TASK ITEM
I would like the lines below, from the one with "Видео түскенде қыз айқайлайды" through the one with "Steps from Live", copied exactly and without any pictures.

RECORDS TO USE
- Opening Delimiter -

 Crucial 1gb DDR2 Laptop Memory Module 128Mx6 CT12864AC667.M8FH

- Closing Delimiter -
- Opening Delimiter -

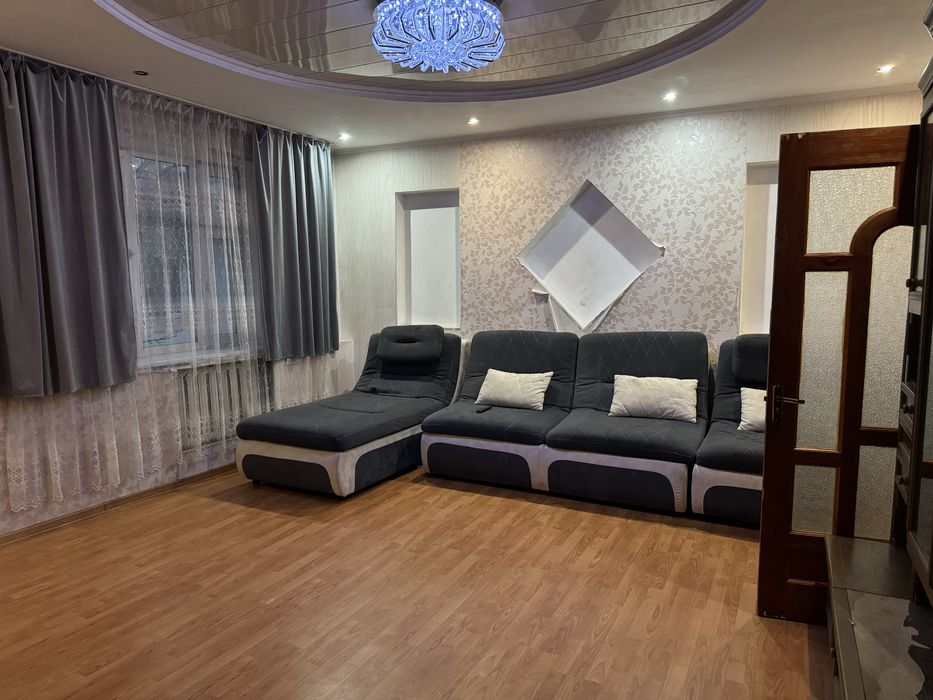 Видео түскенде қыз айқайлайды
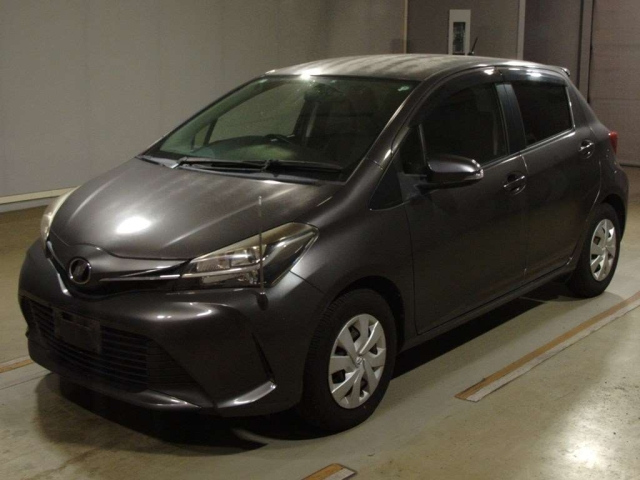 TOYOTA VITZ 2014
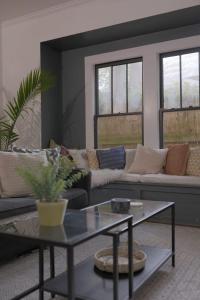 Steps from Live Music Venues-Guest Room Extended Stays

- Closing Delimiter -

WRITTEN SOLUTION
 Видео түскенде қыз айқайлайды
 TOYOTA VITZ 2014
 Steps from Live Music Venues-Guest Room Extended Stays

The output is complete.